Po tym, jak meduza świecąca, której oparzenie powoduje bolesne, ale nie śmiertelne obrażenia, zaczęła dawać o sobie znać na greckich kąpieliskach na początku tego lata, w wodach pojawiła się również meduza śródziemnomorska (Cotylorhiza tuberculata) – jej obecność zarejestrowana została w środę w cieśninie Evripos, w pobliżu miasta Chalkida na Evii.
„Nie jesteśmy zaskoczeni tym widokiem” – wyjaśnił Kathimerini Christos Taklis, biolog morski i kierownik greckiego obserwatorium bioróżnorodności.

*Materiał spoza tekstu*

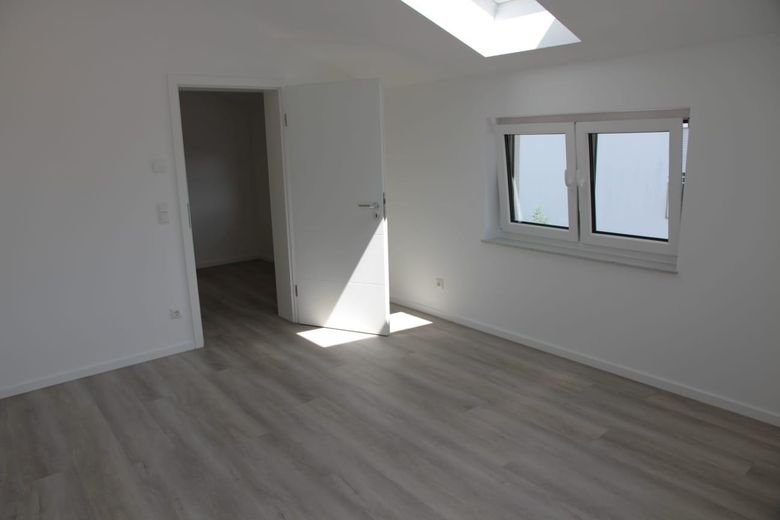 OG: Kinderzimmer 5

„Liczebność meduzy śródziemnomorskiej (Cotylorhiza tuberculata) rośnie co roku o tej porze, od końca lipca do końca września” – dodał, zapewniając, że gatunek ten jest całkowicie nieszkodliwy, a jego oparzenie nie ma prawie żadnego wpływu na ludzki organizm.
Gatunek ten można znaleźć w wielu obszarach Morza Śródziemnego, a także w wodach Morza Egejskiego i Adriatyku.
„Meduza śródziemnomorska żyje tylko w czystych wodach, zjada plankton i chroni małe ryby, które gniazdują w jej mackach” – powiedział Taklis.
„Jej pojawienie się w Chalkidzie wcale nie jest związane z pojawieniem się meduzy świecącej w ostatnim czasie” – podkreślił, przewidując, że w nadchodzących tygodniach „roje” meduz śródziemnomorskich będzie można spotkać także w innych częściach Grecji.
Liczba meduz świecących uległa jednak znacznemu zmniejszeniu.
„Zwłaszcza na Morzu Egejskim odnotowania jej obecności są bardzo nieliczne” – zauważył.